I've had this bouquet of scarlet flax flowers since May. My friend Airy cut them from her garden for a wedding I helped decorate, and when I ooed and awed my thanks, she said to keep them, let them dry, then crush the remaining pods and sprinkle the debris wherever I want flowers. They're essentially weeds, she intimated, and thrive by being ignored. My favorite kind of plant, I thought. I've been putting this off, but something about the heinous wind today struck me. Why bother giving the flax even a fighting chance? If the seeds are so resilient, why not toss them into the gale-force wind and see what they're made of? That, and it occurred to me and I had five minutes to just do it, or risk staring at that dried bouquet for years.

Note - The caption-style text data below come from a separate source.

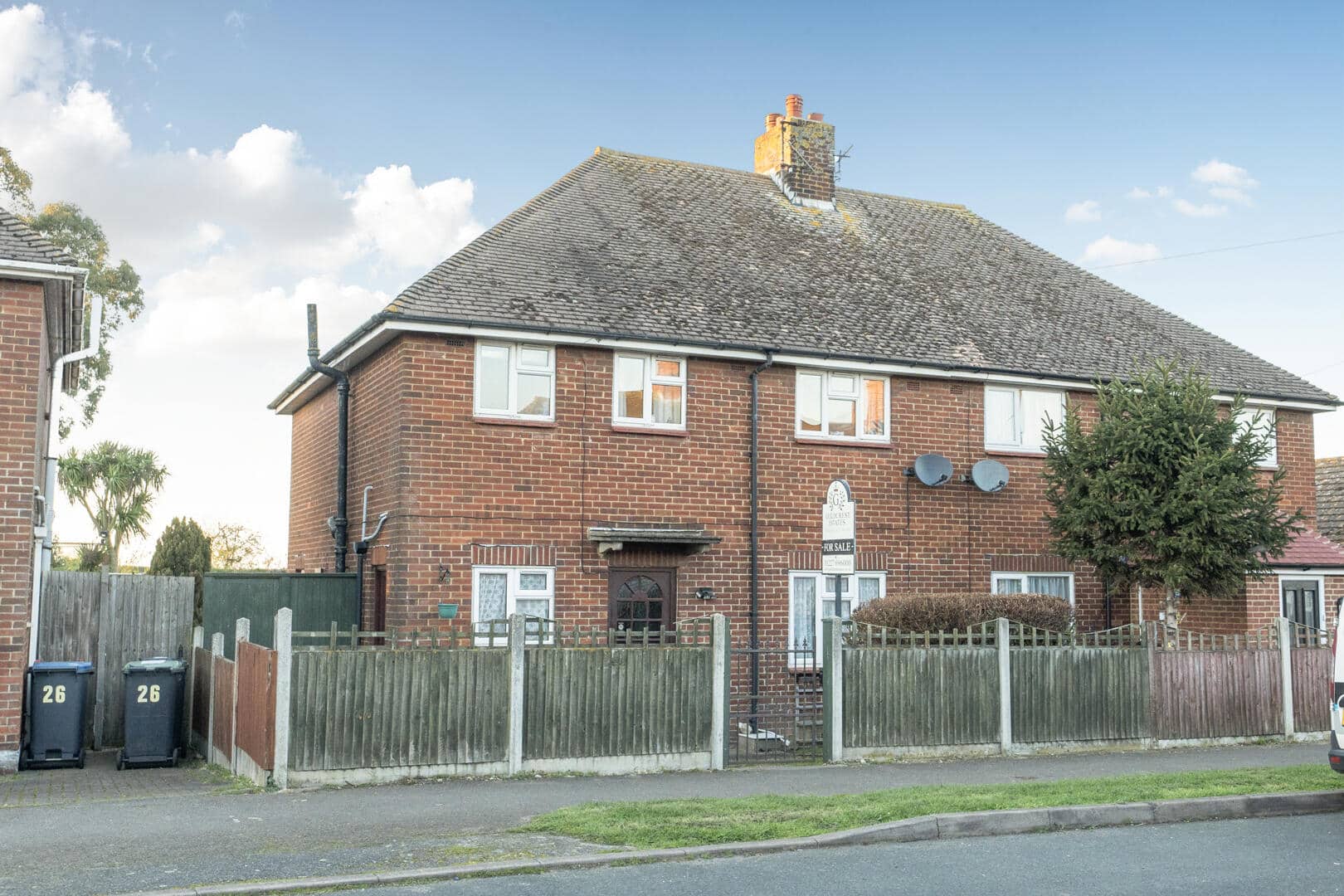 3 bedroom Semi-detached house Under Offer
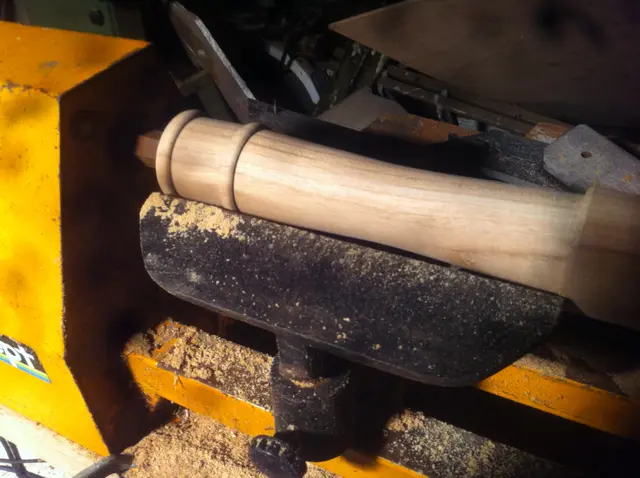 Houten kolom in bewerking op draaibank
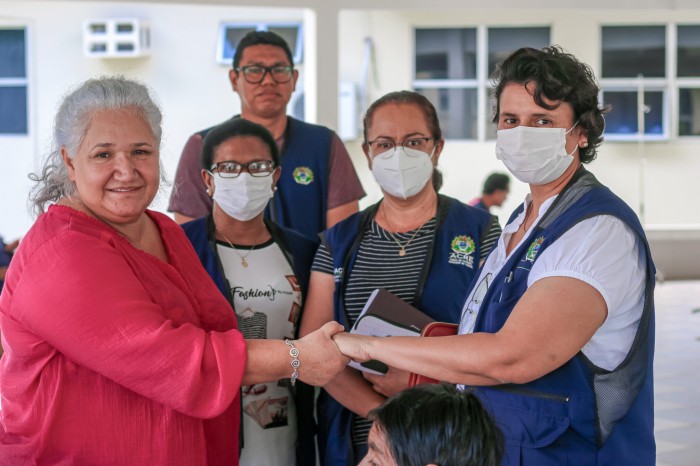 Fundhacre recebe prefeita de Cobija e aborda serviço em saúde fornecido ao país vizinho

I am so proud of myself for this knee-jerk bit of gardening. And what is a blog, if not an enumeration of proud moments? Half-Assed Mama is no more than a list of achievements, really. How Amy And I Still Manage To Impress Ourselves. In spite of... everything. Last week, I so half-assed some apple butter, it came out like fruit leather. Gummy snacks, actually. The chunks would have made excellent rubber balls, if only I'd thought to shape the sauce, before over-baking the life out of it. I left the inedible apple-spackle in a glass jar in my brother's refrigerator; I fully expect to find it, still there, on my next visit to Schenectady. Oh, when I think of the gorgeous Cortlands that went into making that stuff... The size of a baby's head. The peels were so long. At the time, I congratulated myself for not making some sort of garland--"Kill the dream, Lis, kill the dream" sang Amy's voice in my mind--but now I wish I had something to show for Operation Apple Putty. I do have a photo of the scrapped apple peels. My nephew Simon is in the background, assessing the situation.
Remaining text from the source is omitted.